[Brief descriptive captions]
══════

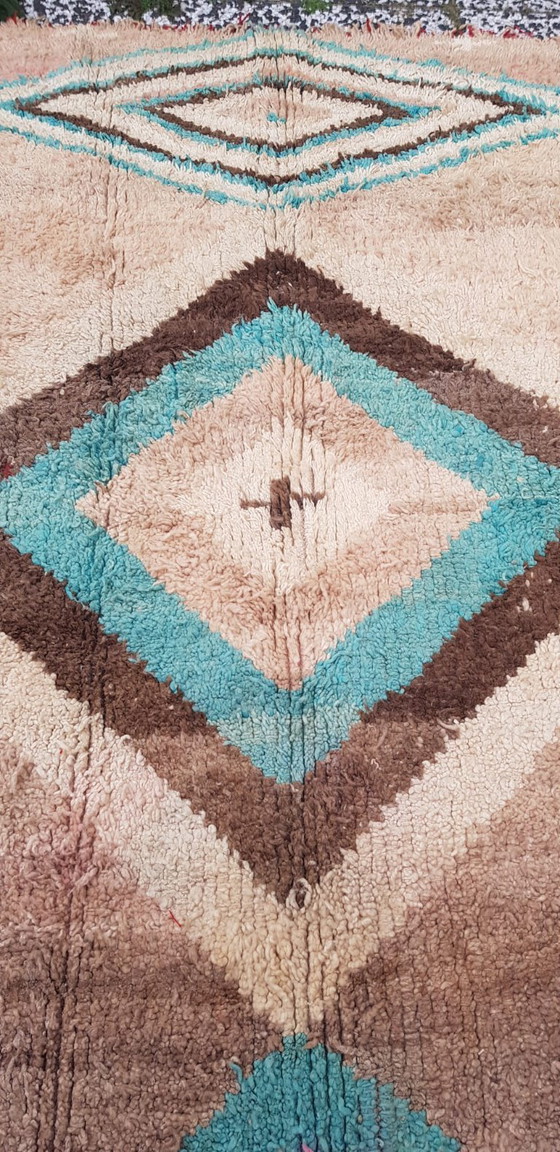 Image 1 of Handgeknoopt Berber kleed wol 335x167cm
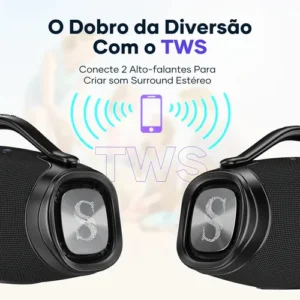 Caixa De Som Sabala Dr-909 200w Bluetooth 36h Tws Ipx6 Cor Preto - Imagem 4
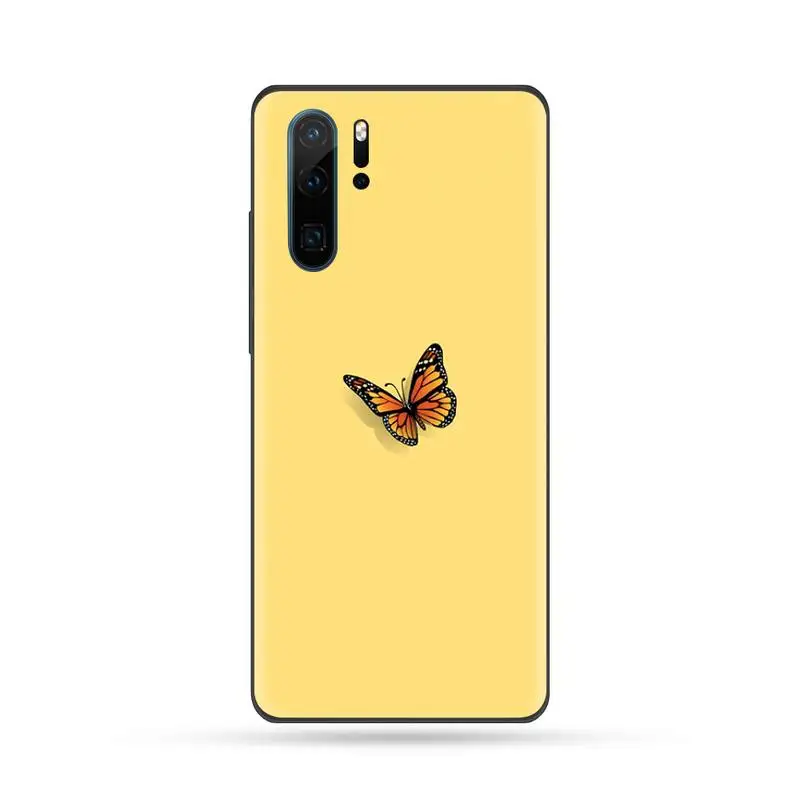 

Cute butterfly blue Phone Case For Huawei Mate 9 10 20 Pro lite 20x nova 3e P10 plus P20 Pro Honor10 lite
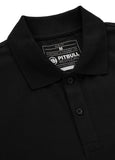 SLIM FIT SMALL LOGO 210 Black Polo T-shirt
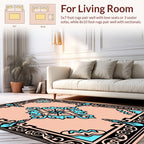 Traditional Geometric Floral Medallion Rug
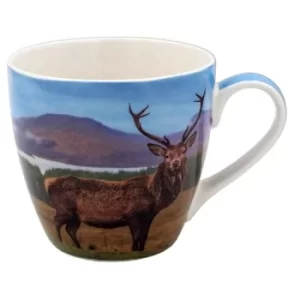 new wildlife stag breakfast mug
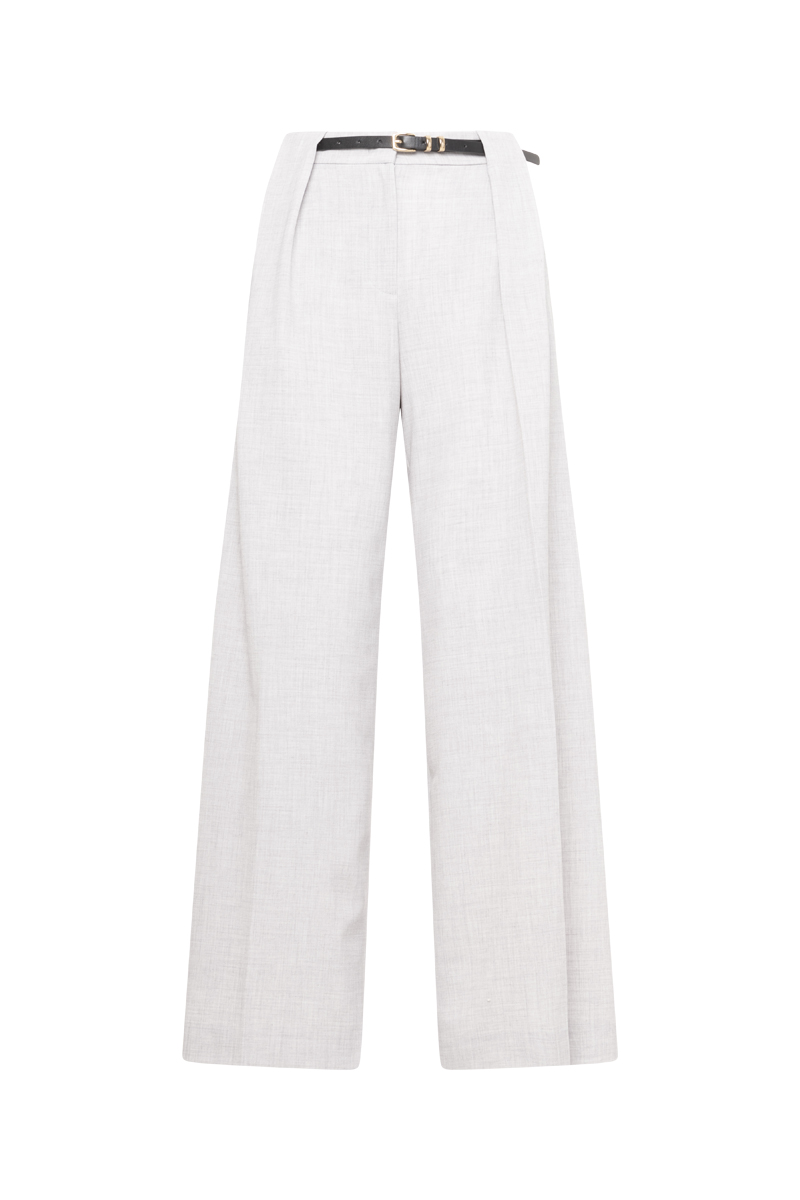 PLEATED TROUSERS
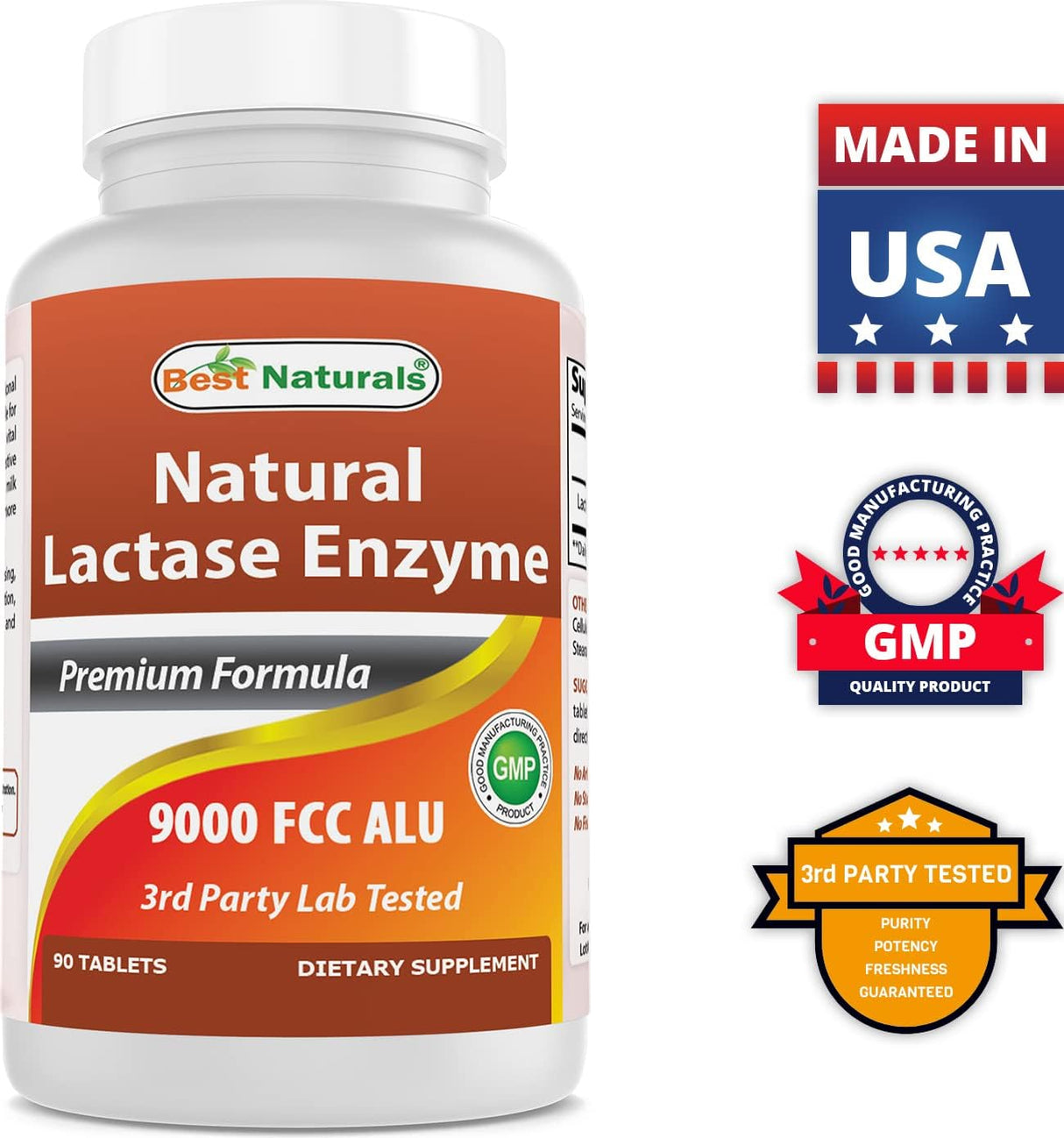 Suplementos Alimenticios con enzima de lactasa natural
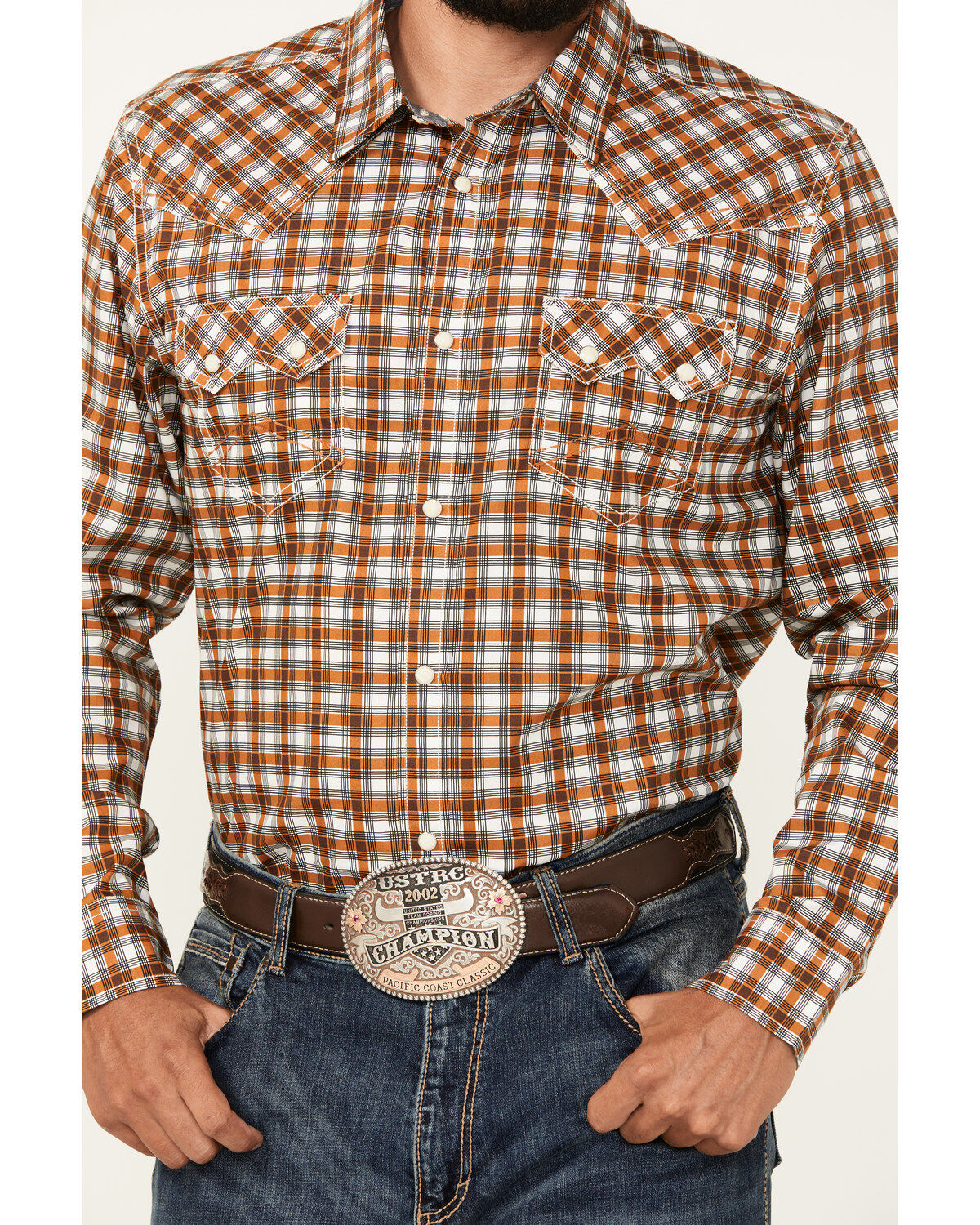 Image #3 - Cody James Men's Reverent Plaid Print Long Sleeve Snap Western Shirt - Tall, , hi-res
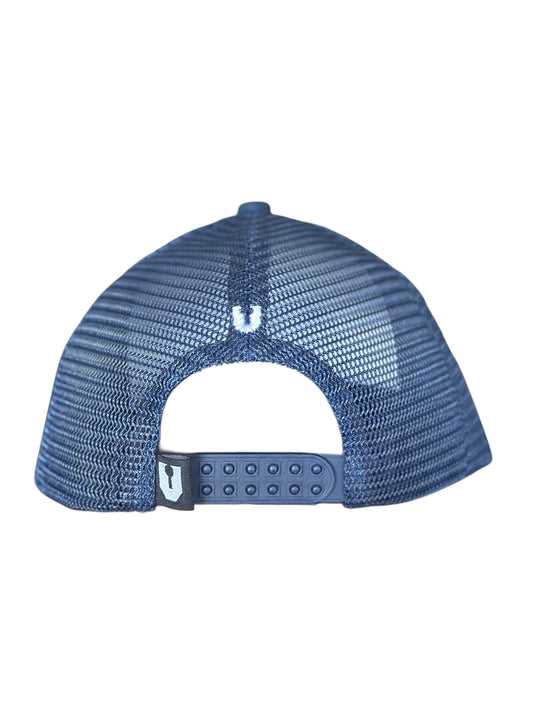 Navy blue v cap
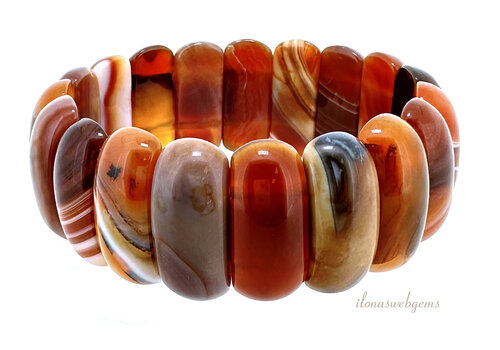 Agate bracelet approx. 25x11x8mm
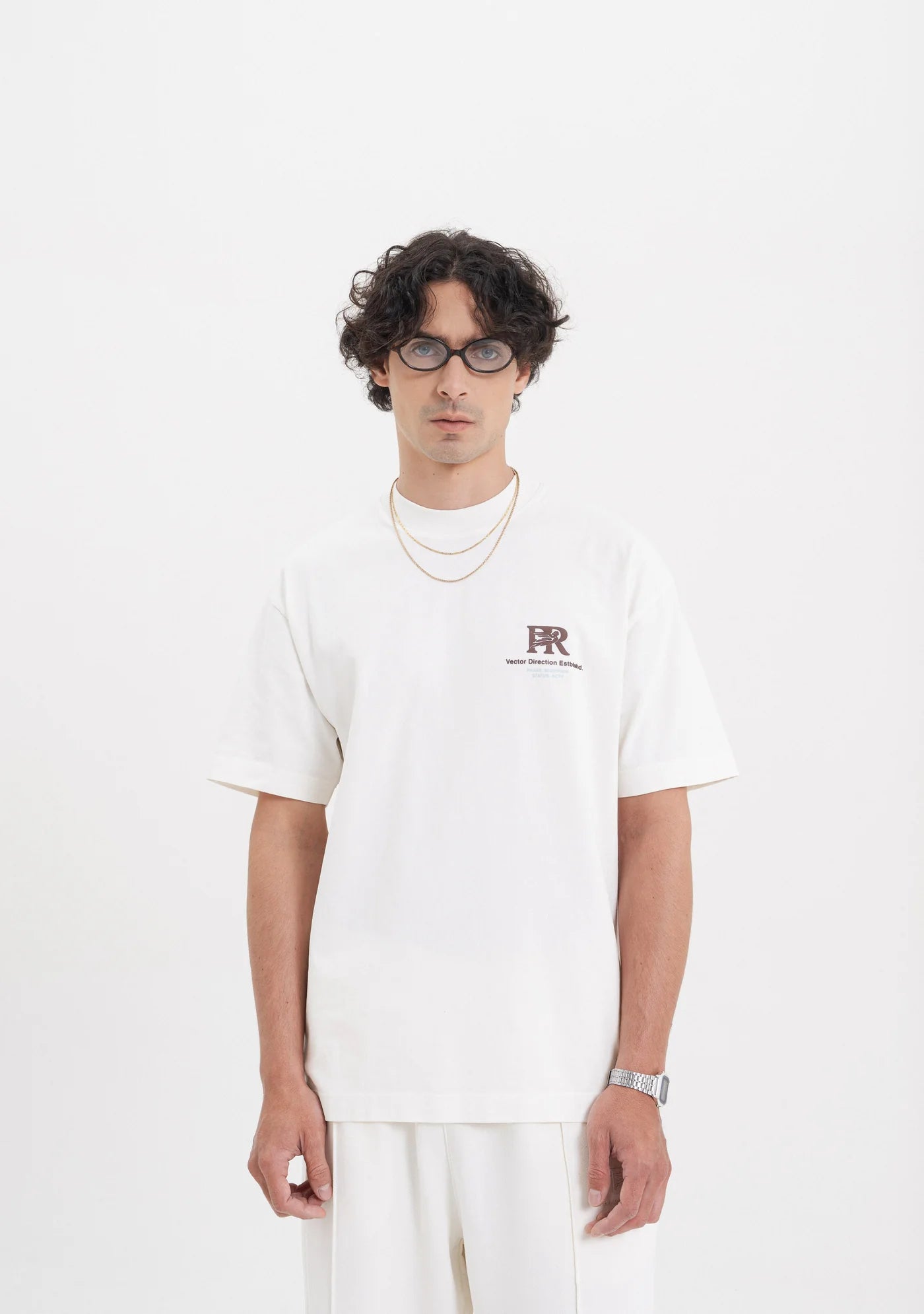 ACROSS THE LINES WHITE T-SHIRT PURE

══════

TASK INSTRUCTIONS: Would you transcribe each of the entries exactly, skipping the pictures?

WRITTEN REPLY:
 Image 1 of Handgeknoopt Berber kleed wol 335x167cm
 Caixa De Som Sabala Dr-909 200w Bluetooth 36h Tws Ipx6 Cor Preto - Imagem 4

Cute butterfly blue Phone Case For Huawei Mate 9 10 20 Pro lite 20x nova 3e P10 plus P20 Pro Honor10 lite
 SLIM FIT SMALL LOGO 210 Black Polo T-shirt
 Traditional Geometric Floral Medallion Rug
 new wildlife stag breakfast mug
 PLEATED TROUSERS
 Suplementos Alimenticios con enzima de lactasa natural
 Image #3 - Cody James Men's Reverent Plaid Print Long Sleeve Snap Western Shirt - Tall, , hi-res
 Navy blue v cap
 Agate bracelet approx. 25x11x8mm
 ACROSS THE LINES WHITE T-SHIRT PURE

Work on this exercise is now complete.